Zu einer solche Reflexion fehlt es den Staatschefs anscheinend an Geduld, wie auch die Kanzlerin unlängst erklärte, dass wir uns einen erneuten Aufschub des Verfassungsprozesses nicht leisten könnten. Warum aber eigentlich nicht? Die nationalen Verfassungsbewegungen haben oft den Anlauf von Jahrzehnten gebraucht, warum sollte man es jetzt mit der europäischen Verfassung übereilen? Besser auf die Dauer eine gute und demokratisch legitimierte Verfassung, als auf der Stelle eine schlechte und von oben oktroyierte.

Freitag, Juni 20, 2008

Christoph Bertram über amerikanische Kriegspläne

Kann es sein, dass die neokonservativen Hardliner in USA und Israel wirklich ins Auge fassen, in Kürze den Iran anzugreifen - und das noch vor Beendigung von Bushs Präsidentschaft? So verrückt und irrational das angesichts des Desasters im Irak klingen mag, ausgeschlossen ist es nicht, wie u.a. Christoph Bertram in der Zeit (25/2008) berichtet.

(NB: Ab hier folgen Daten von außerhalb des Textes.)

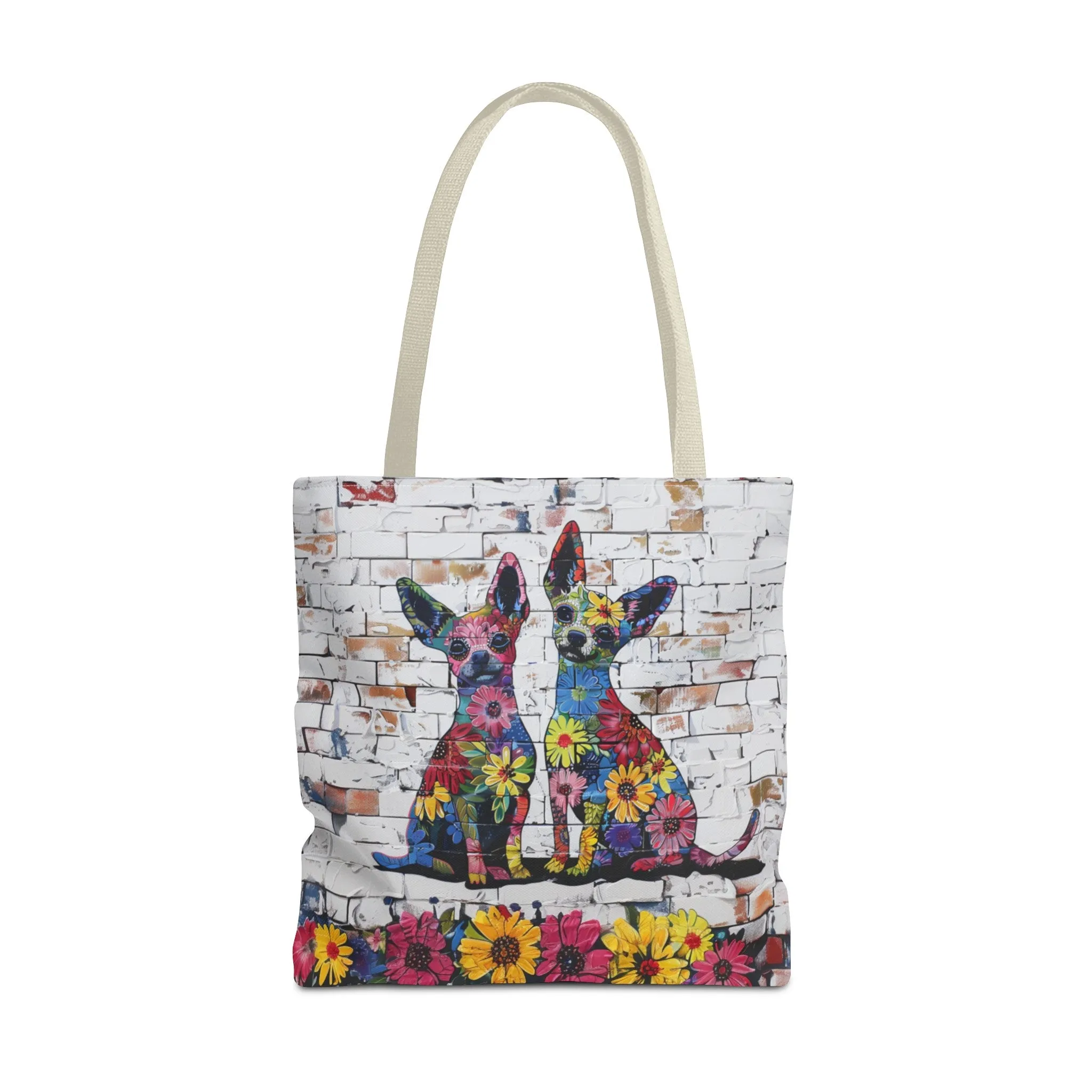 Chihuahua Original Edgy Floral Dog Art Themed Tote Bag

Besser, als die iranischen "Gefahren" hinauf zu beschwören, wäre es hingegen, den Iran ins Boot der internationalen Gemeinschaft zu holen und langfristig durch Diplomatie und Austausch eine wechselseitige Annäherung zu erreichen. Auch wenn das mit der gegenwärtigen iranischen Regierung nur schwer vorstellbar erscheint: sie repräsentiert nur eine Minderheit der iranischen Gesellschaft, die jenseits der Atomfrage und martialischer Rhetorik ihr Kapital verspielt zu haben scheint. Es werden bessere Zeiten kommen!

Angriff zum Schutz der Uno?

Iran weigert sich beharrlich, im Atomstreit den Forderungen des UN-Sicherheitsrats nachzukommen. Die Regierung Bush könnte das als Kriegsgrund nehmen

In Berlin gibt es immer noch erstzunehmende Leute, die die Mitwirkung der Bundesrepublik an weiteren Sanktionen gegen Iran damit begründen, dass Amerika auf diese Weise in diplomatische Bemühungen eingebunden und Präsident Bush von einem Militärschlag gegen Teheran abgehalten worden wäre. Nun jedoch könnte umgekehrt aus weiteren Sanktionen ein Vorwand für Bush werden, in seinen letzten Amtsmonaten doch noch gegen Iran zuzuschlagen. Jenes Land, das er als größte Bedrohung für die Vereinigten Staaten ausgemacht hat.

Gerade fordern wieder einmal Amerika und in seinem Kielwasser die EU-Staaten von Iran, als Vorleistung jeglicher Verhandlungen die Anreicherung von Uran einzustellen. Wieder einmal wird im Verweigerungsfall mit neuen Sanktionen gedroht, wieder einmal fährt EU-Repräsentant Solana nach Teheran und kommt mit leeren Händen und hoffnungsvollen Sprüchen zurück. Und wieder einmal weist Iran die gewünschte Suspendierung seiner Urananreicherung als inakzeptabel zurück.

Fast könnte das inzwischen vertraute Ritual im Streit um das iranische Atomprogramm wie eine zwar nutzlose, aber unschädliche diplomatische Pflichtübung erscheinen. Nur leider ist George W. Bush noch sieben Monate im Amt. Und je höher die Chance ist, dass mit Obama ein Demokrat in das Weiße Haus einziehen könnte, desto größer wird für die Republikaner die Versuchung, wie schon bei den letzten beiden Präsidentschaftswahlen, den Wählern eine existenzielle Bedrohung amerikanischer Sicherheit vorzuspiegeln, der nur ein martialischer Kandidat der Republikaner gewachsen sei.